**DATA TO EXAMINE**:
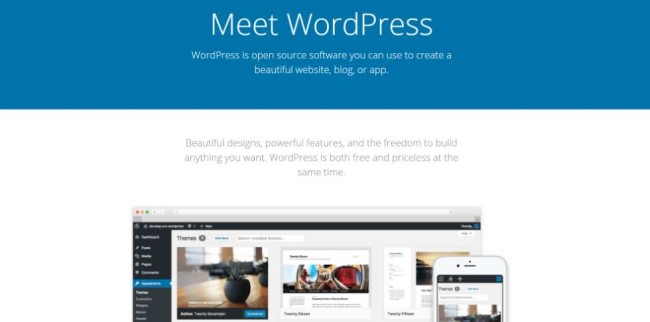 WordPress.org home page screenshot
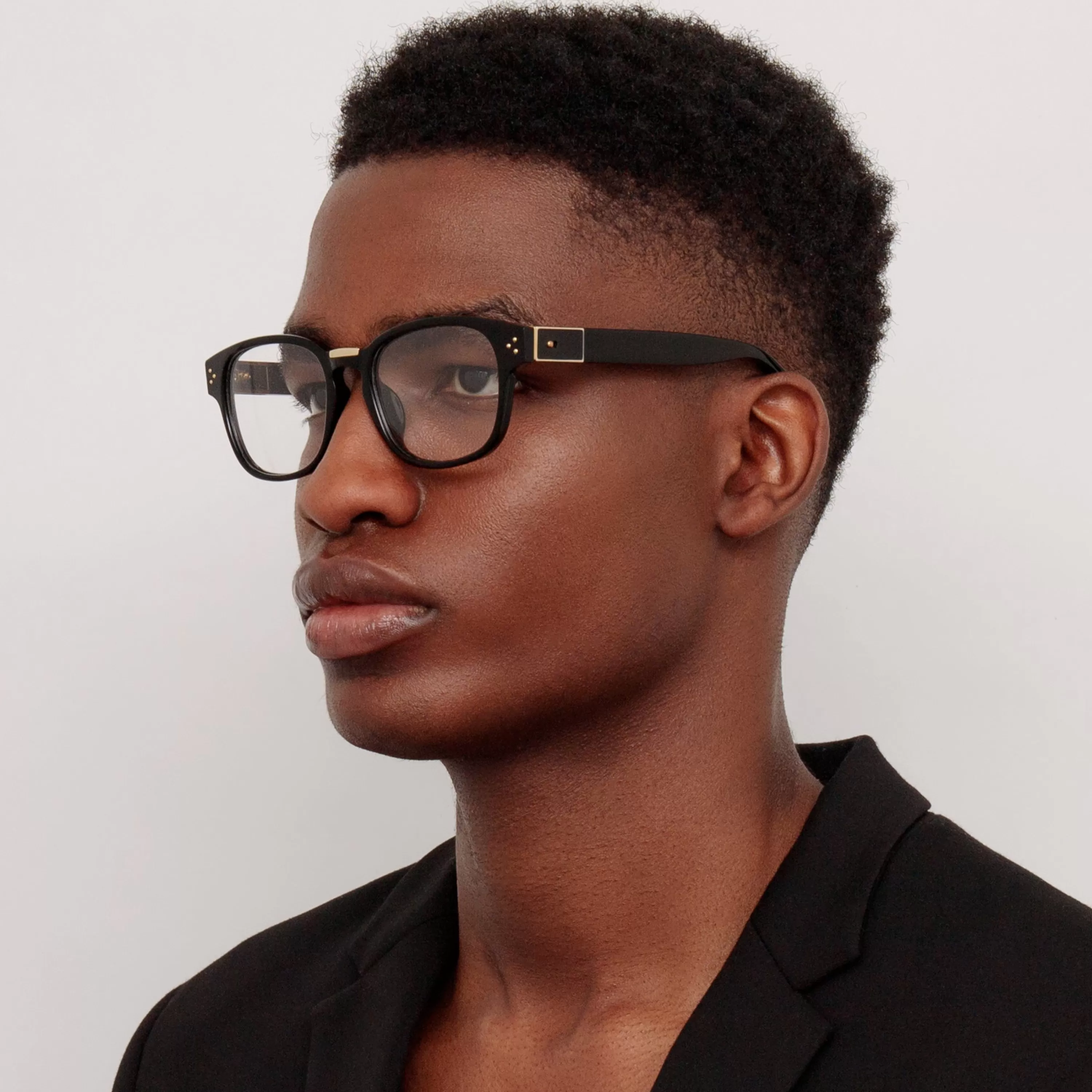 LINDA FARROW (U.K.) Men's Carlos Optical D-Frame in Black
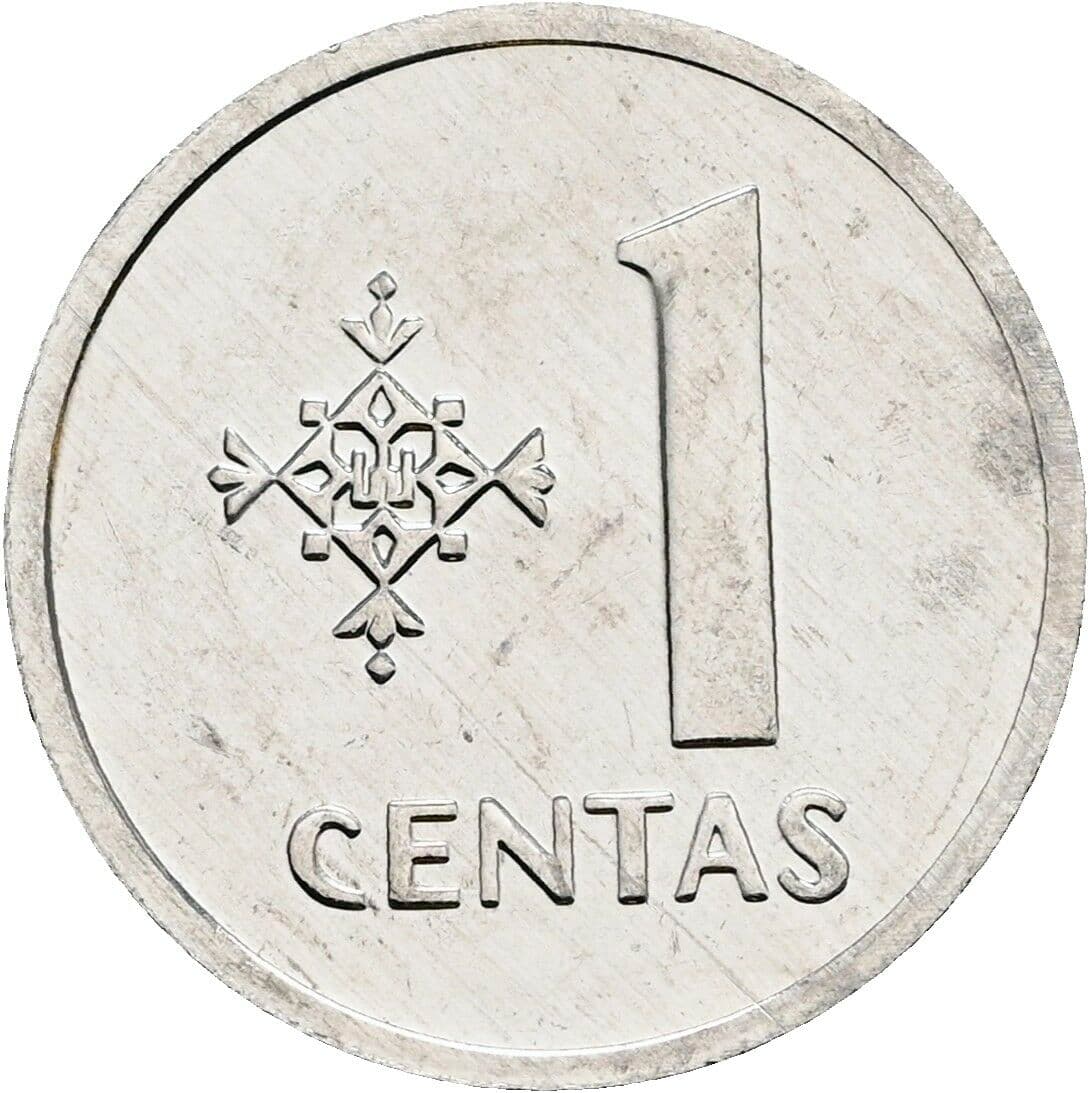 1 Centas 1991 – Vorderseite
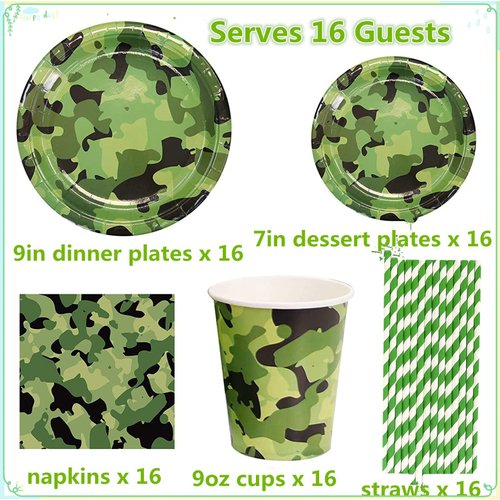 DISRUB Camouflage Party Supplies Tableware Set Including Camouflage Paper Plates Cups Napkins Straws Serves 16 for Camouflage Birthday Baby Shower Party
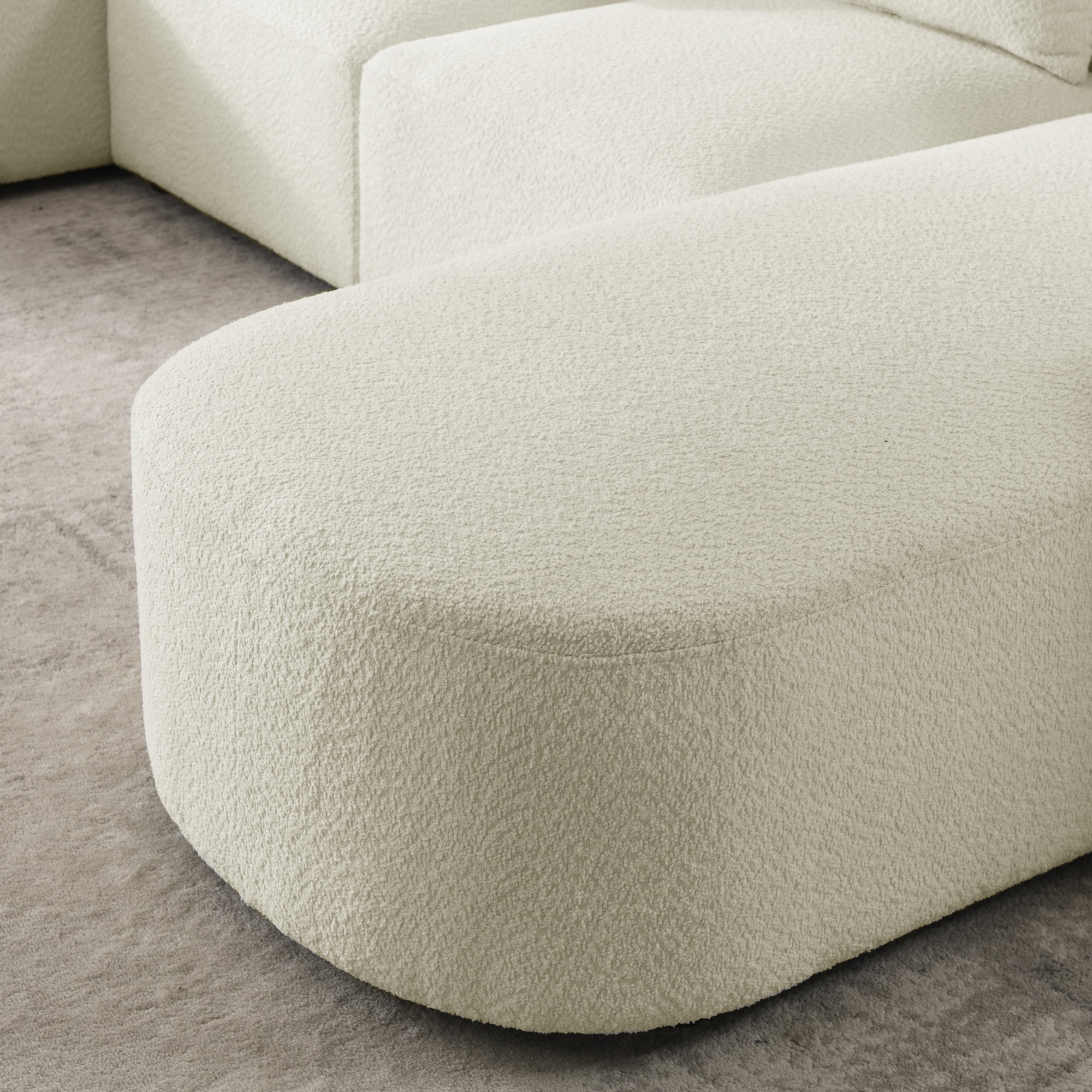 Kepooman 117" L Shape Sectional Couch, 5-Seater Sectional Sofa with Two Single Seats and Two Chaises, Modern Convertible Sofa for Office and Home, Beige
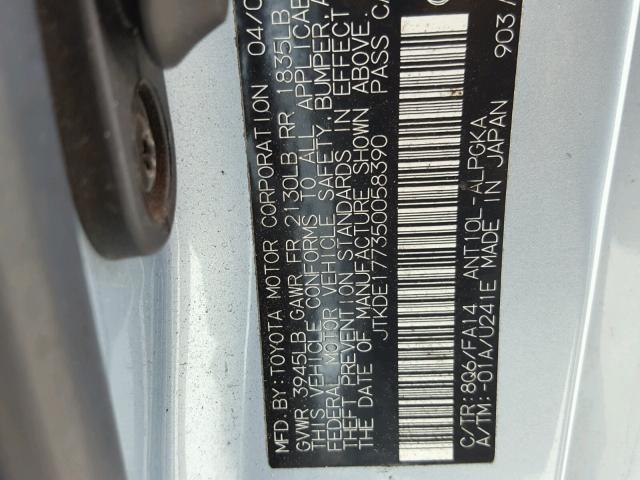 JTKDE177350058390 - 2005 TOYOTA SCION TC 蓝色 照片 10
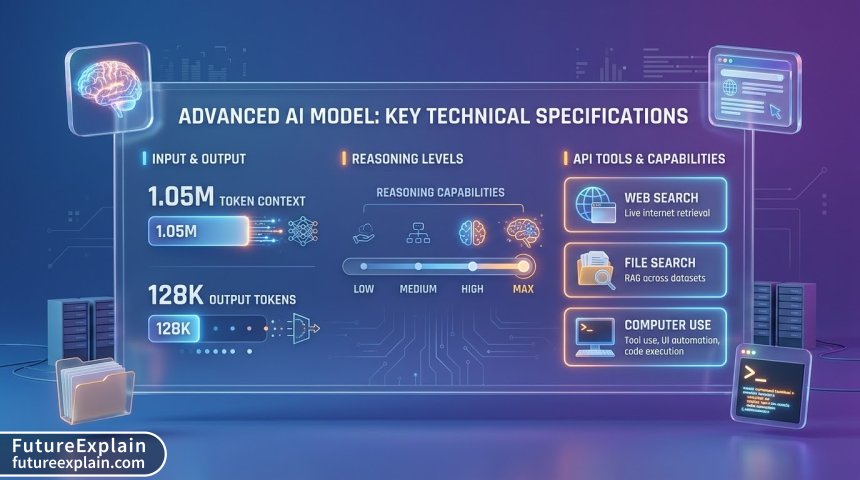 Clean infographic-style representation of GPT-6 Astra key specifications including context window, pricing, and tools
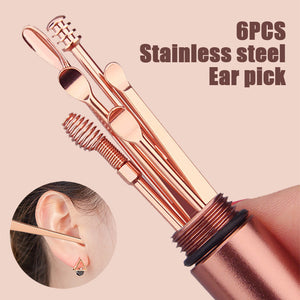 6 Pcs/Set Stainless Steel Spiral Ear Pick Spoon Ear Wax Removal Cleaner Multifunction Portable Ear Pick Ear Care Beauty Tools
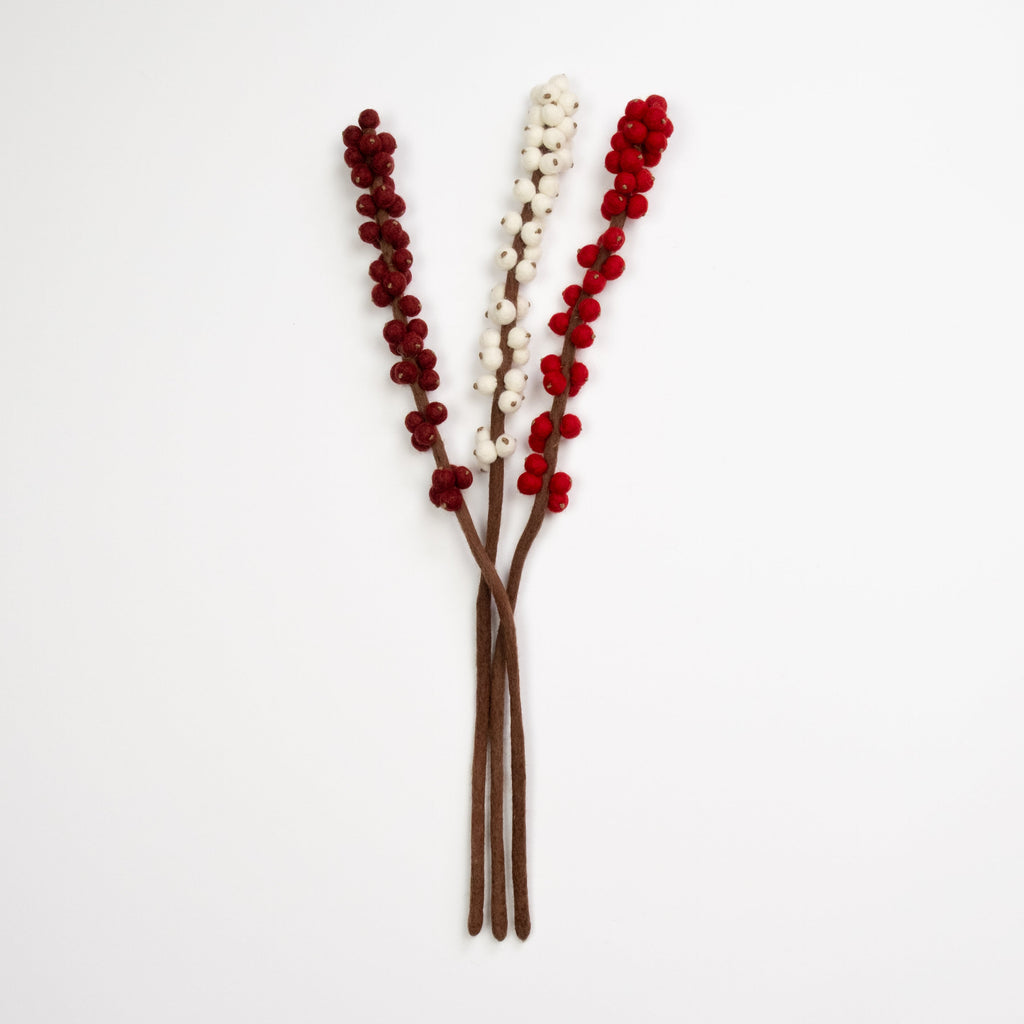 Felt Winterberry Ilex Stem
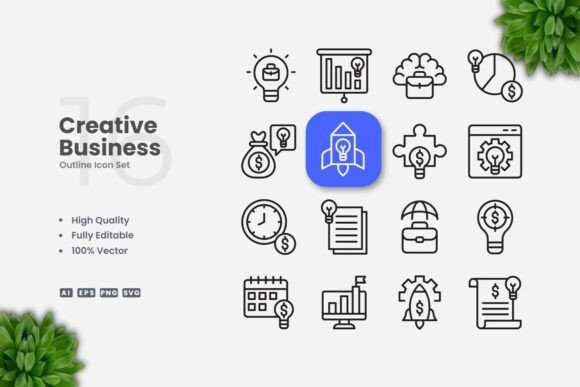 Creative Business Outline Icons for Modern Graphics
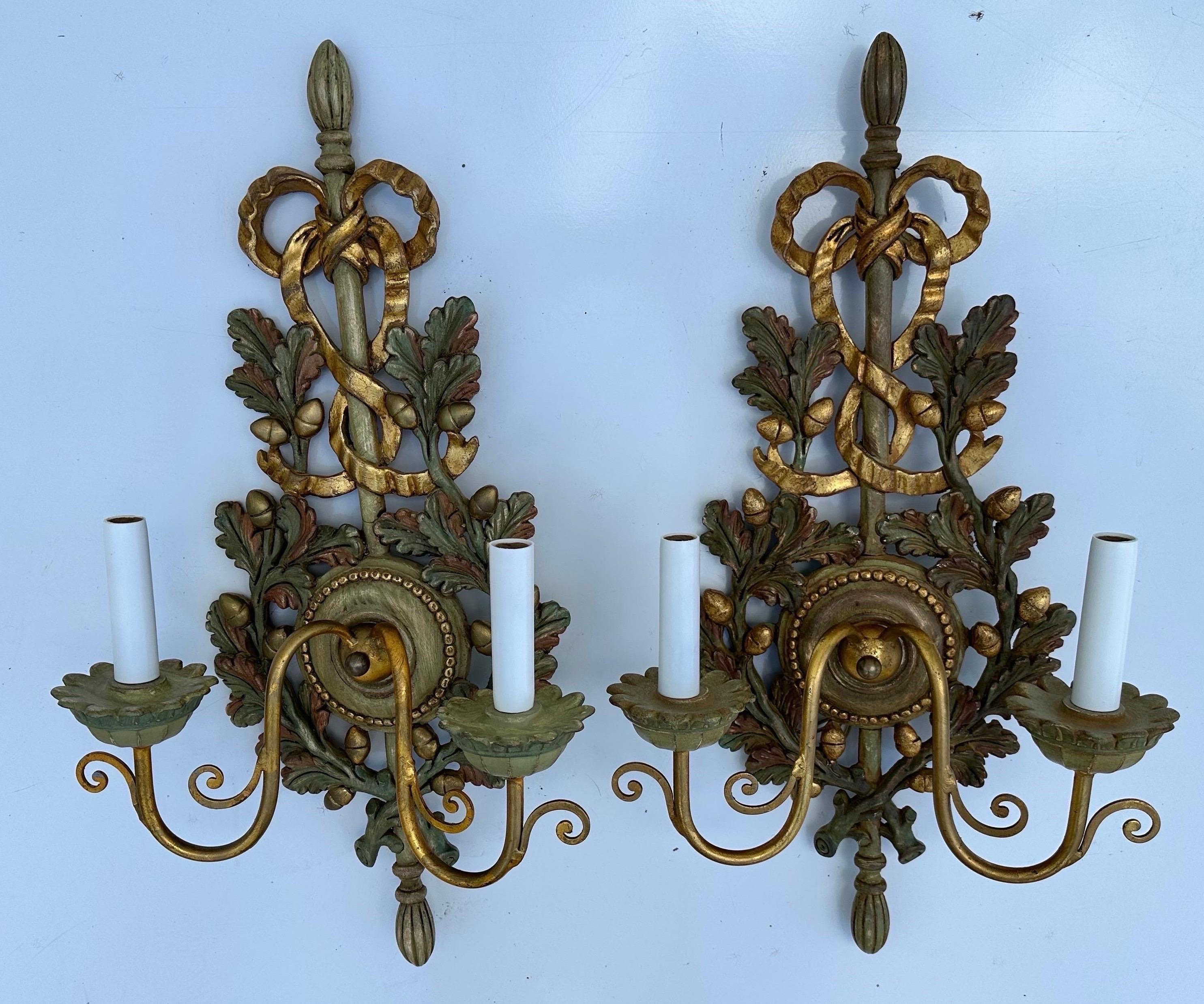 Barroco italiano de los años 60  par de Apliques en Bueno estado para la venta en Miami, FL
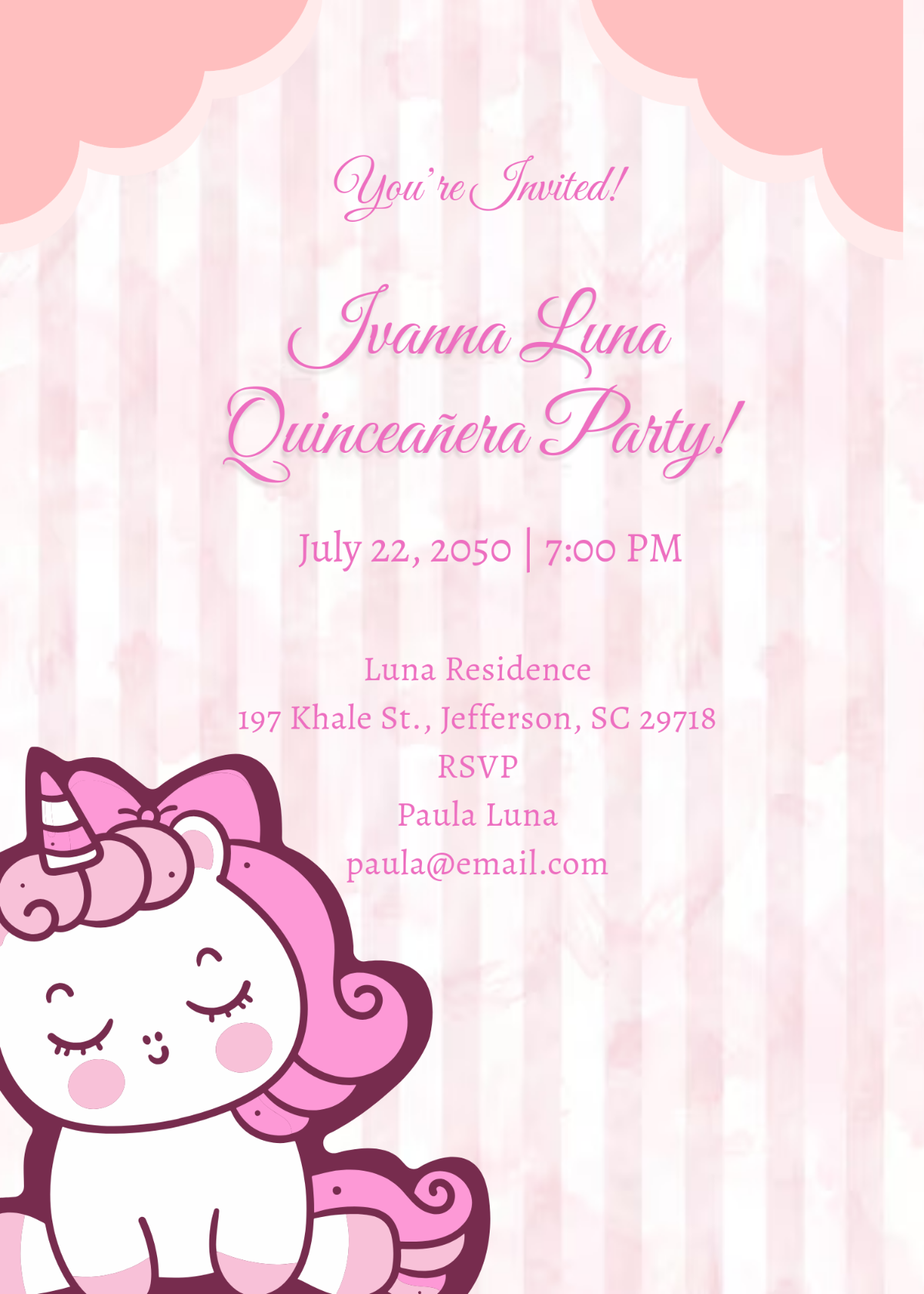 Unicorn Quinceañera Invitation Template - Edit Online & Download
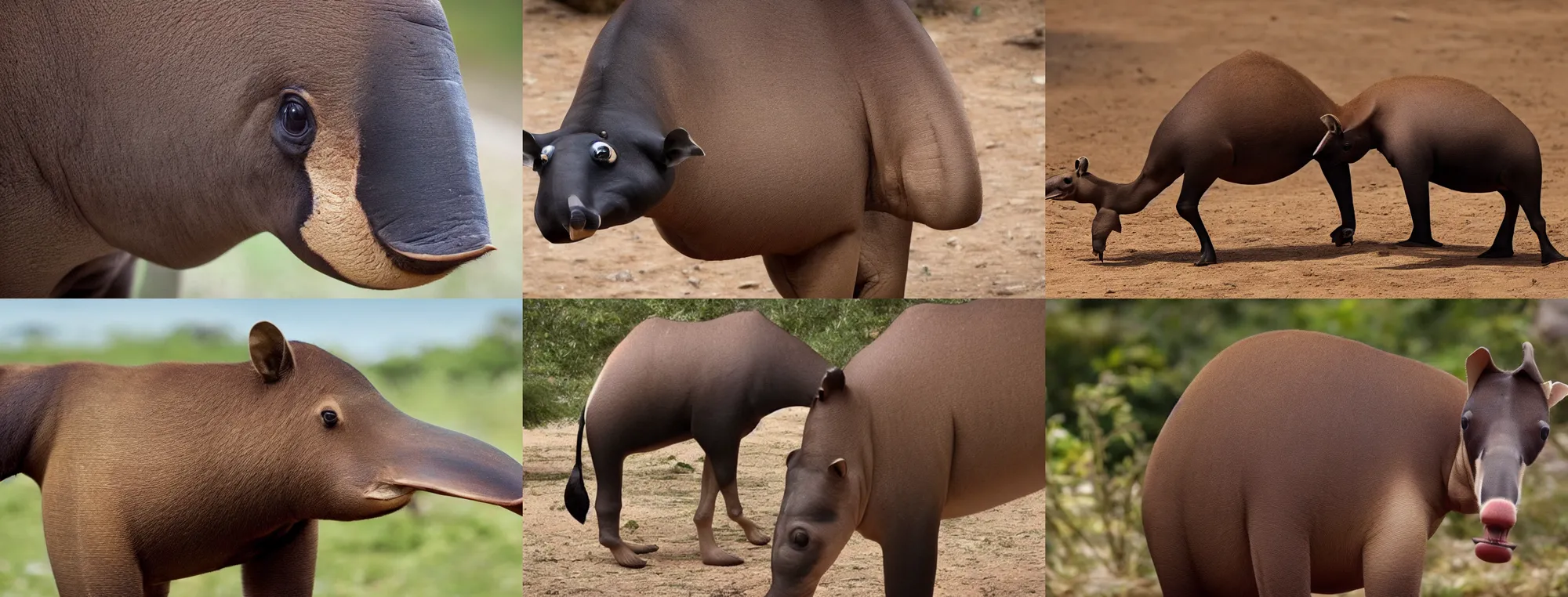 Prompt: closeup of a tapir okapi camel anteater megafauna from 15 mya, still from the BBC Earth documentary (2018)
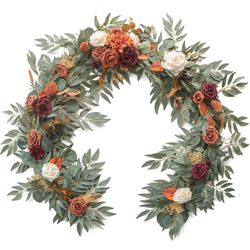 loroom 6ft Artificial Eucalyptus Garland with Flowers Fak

**WORK TO BE COMPLETED**:
Produce a verbatim copy of every entry, excluding pictures.

**ANSWER TO THIS EXERCISE**:
 WordPress.org home page screenshot
 LINDA FARROW (U.K.) Men's Carlos Optical D-Frame in Black
 1 Centas 1991 – Vorderseite
 DISRUB Camouflage Party Supplies Tableware Set Including Camouflage Paper Plates Cups Napkins Straws Serves 16 for Camouflage Birthday Baby Shower Party
 Kepooman 117" L Shape Sectional Couch, 5-Seater Sectional Sofa with Two Single Seats and Two Chaises, Modern Convertible Sofa for Office and Home, Beige
 JTKDE177350058390 - 2005 TOYOTA SCION TC 蓝色 照片 10
 Clean infographic-style representation of GPT-6 Astra key specifications including context window, pricing, and tools
 6 Pcs/Set Stainless Steel Spiral Ear Pick Spoon Ear Wax Removal Cleaner Multifunction Portable Ear Pick Ear Care Beauty Tools
 Felt Winterberry Ilex Stem
 Creative Business Outline Icons for Modern Graphics
 Barroco italiano de los años 60  par de Apliques en Bueno estado para la venta en Miami, FL
 Unicorn Quinceañera Invitation Template - Edit Online & Download
 Prompt: closeup of a tapir okapi camel anteater megafauna from 15 mya, still from the BBC Earth documentary (2018)
 loroom 6ft Artificial Eucalyptus Garland with Flowers Fak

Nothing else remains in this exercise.